In my 72 years, I’ve never met a member of the British Royal Family and have never had any wish to do so. I don’t read the tabloid press so I’ve missed most of the gossip around the various royal personages. I’ve not seen one episode of “The Crown”. But I did watch the interview by Oprah Winfrey of Meghan and Harry because I knew that it would attract massive worldwide comment and I wanted to have viewed the source material so that I could make up my own mind.

My politics are unashamedly left of centre. I believe that we should have a massive and sustained redistribution of power, wealth and income to create a more egalitarian, more meritocratic and fairer society. So, to place at the apex of our society a privileged and wealthy family who are in this position simply as a historical accident of birth, is against all my political principles.

In 1946, my mother in Naples voted in a referendum to abolish the Italian monarchy. If I had the same opportunity in Britain – which I very much doubt – I would vote for a republic, but I know that this is still very much a minority position in the British electorate.

That said, I welcomed the arrival of Meghan Markle in the British Royal Family. I thought that her Americanism, her ethnicity and her professional experience all represented a breath of fresh air. She showed eloquence and empathy that was sorely needed by this outdated and out-of-touch institution.

To be honest, I can’t get upset about a dispute over flower girl dresses at a wedding, but the blatant bias and constant hounding revealed in the newspaper headlines shown in the interview is shocking and the accusations of racism, indifference and sheer lack of support for someone who was suicidal seem, to me, to be all too credible.

More than anything, I feel a sense of tragedy about it all. Meghan – in some ways like Diana – was never going to ‘fit’ into the Royal Family. As she admitted, she was naive – incredibly so. It was always going to end in tears or much worse. Meghan and Harry are well out of it and I wish them and their new family well.

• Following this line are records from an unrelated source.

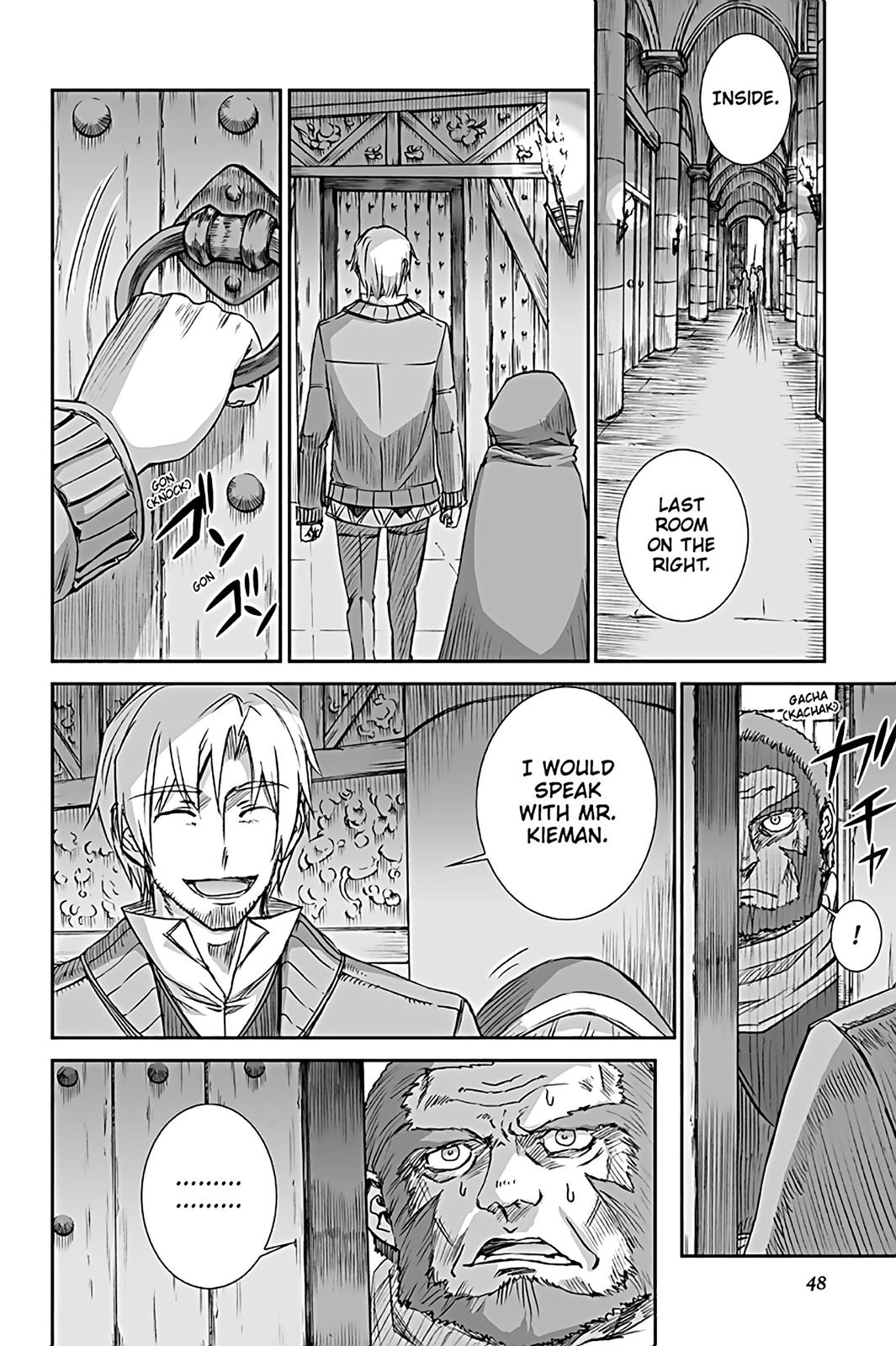 Read Ookami to Koushinryou EN Manga Online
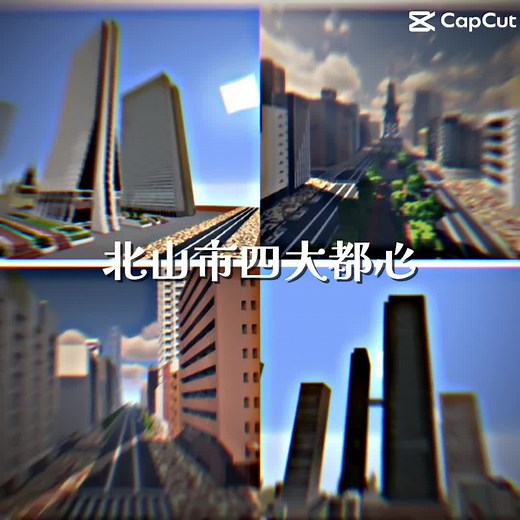 北山市の本気！マインクラフトで作る架空都市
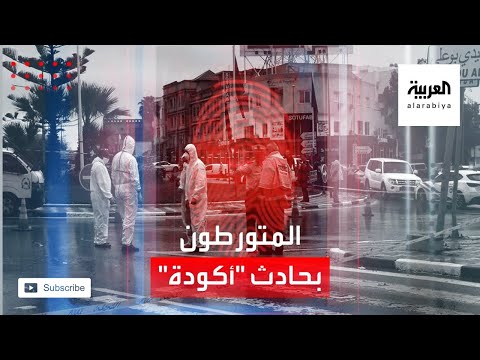 مهمة خاصة يكشف علاقة إخوان تونس بالمتورطين في حادث أكودة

As Harry indicated, other members of his family are trapped. They are victims of history, the tabloids and ultimately of a British (and indeed worldwide) public who have impossible expectations of a family that is utterly dysfunctional.

If this interview modifies expectations and brings forward a little the abolition of this archaic institution, I will be quietly pleased.


  • Linda Vejlupková

    Thank you Roger for this very succint view of royalty and your personal politics. I’m a hundred percent in agreement with you on all that you’ve written. Kind regards as always from Guernsey. Linda (still trying to finish writing about my Dad Josef)

  • Roger Darlington

    Keep on writing, Linda!

  • Pete

    I agree Roger, the monarchy and all the Establishment are not my cup of tea either. Privilege should be earned not expected.

    I can’t help feeling a little bit sorry for the royals though, as they are trapped in this gilded cage, but then again they could always elect to leave it…

  • Roger Darlington

    Hard to leave, Pete – so much socialisation plus lack of income and security.